European-XFEL / karabo_data

Python tools to read and analyse data from European XFEL
https://karabo-data.readthedocs.io/
BSD 3-Clause "New" or "Revised" License
13 stars 7 forks source link

Delay some imports to where they are used #207

Closed takluyver closed 5 years ago

takluyver commented 5 years ago

This speeds up import by 50-70% in my tests (from ~1s to 0.3-0.5s). Pandas and xarray in particular both import many files, so there's a big benefit if we can avoid them.

Of course, you still have to import those packages if you want to use their data formats.
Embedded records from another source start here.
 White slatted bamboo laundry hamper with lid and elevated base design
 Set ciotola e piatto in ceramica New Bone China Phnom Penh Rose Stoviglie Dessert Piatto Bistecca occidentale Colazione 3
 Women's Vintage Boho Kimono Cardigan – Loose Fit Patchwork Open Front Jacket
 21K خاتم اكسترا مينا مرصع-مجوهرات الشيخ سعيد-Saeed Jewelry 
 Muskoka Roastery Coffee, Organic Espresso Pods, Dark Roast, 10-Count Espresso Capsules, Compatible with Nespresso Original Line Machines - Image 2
But we don't for lsxfel, so this significantly improves overall performance (in combination with #206).

takluyver commented 5 years ago

The import profiling added in Python 3.7 is very useful for seeing what is causing the slowdown:

python3 -X importtime -c "from karabo_data import RunDirectory"

The biggest remaining things are h5py and numpy. It would be more awkward to delay those, because they're more widely used.

takluyver commented 5 years ago

The last two commits deprecate the top-level import of ZMQ streaming functionality, so:

from karabo_data import ZMQStreamer
# Should become:
from karabo_data.export import ZMQStreamer

This avoids importing zmq & msgpack if they're not used. This is a much more marginal gain than avoiding pandas and xarray - maybe 20 ms instead of hundreds of ms. But I don't think most uses of karabo_data use this functionality, and even 20 ms can make a difference if you're trying to make a command-line tool feel as instant as possible.

tmichela commented 5 years ago

I think at least @ebadkamil is using this (The mention is just so your aware of the change).

LGTM

takluyver commented 5 years ago

Thanks! Yup, I'm planning to make a PR to karaboFAI to change the ZMQStreamer import.